Update: Scott Sumner has a less optimistic comment on The Economicst’s endorsement of NGDP targeting.

Finding wisdom in letters to The Economist

It is always a pleasure to read The Economist. Normally, however, I do not find the letters to the editor especially interesting. However, when I picked up this week’s edition of the magazine today I stumbled on an interesting letter from Paul DeRosa. Mr. DeRosa writes about what Milton Friedman might have thought of the present crisis.

Here is from Mr. DeRosa’s letter to The Economist:

“At a seminar once, I remember hearing him [Friedman] make the generalization that monetary policy is easy only when the prices of assets are rising faster than the prices of the goods they produce…In any case, this thought applied to any reasonable constructed index of asset prices reveals that the Federal Reserve is barely on the easy side of neutral, and the European Central Bank has Europe in death grip”
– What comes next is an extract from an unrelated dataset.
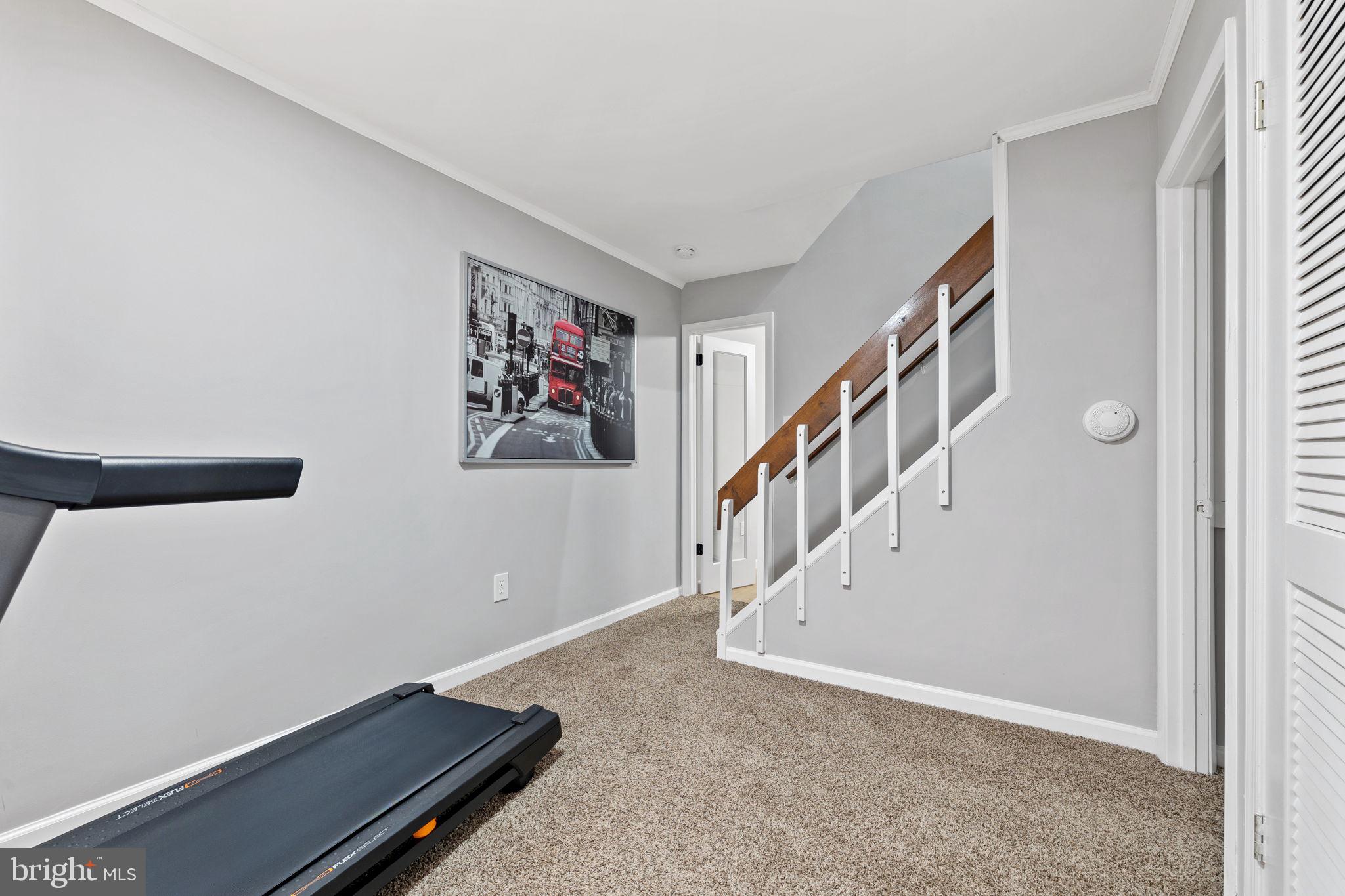 LAKE MONTCLAIR - Residential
I find Mr. DeRosa’s comments extremely interesting. The comments are interesting because it indicates that Milton Friedman indeed paid attention to asset prices as an indicator for the monetary policy stance – something that of course is at the core of Market Monetarism. Second, I believe the Mr. DeRosa’s conclusion is entirely correct – the markets are clearly telling us that monetary policy in the euro zone is insanely tight – and that the Fed is not doing a much better job.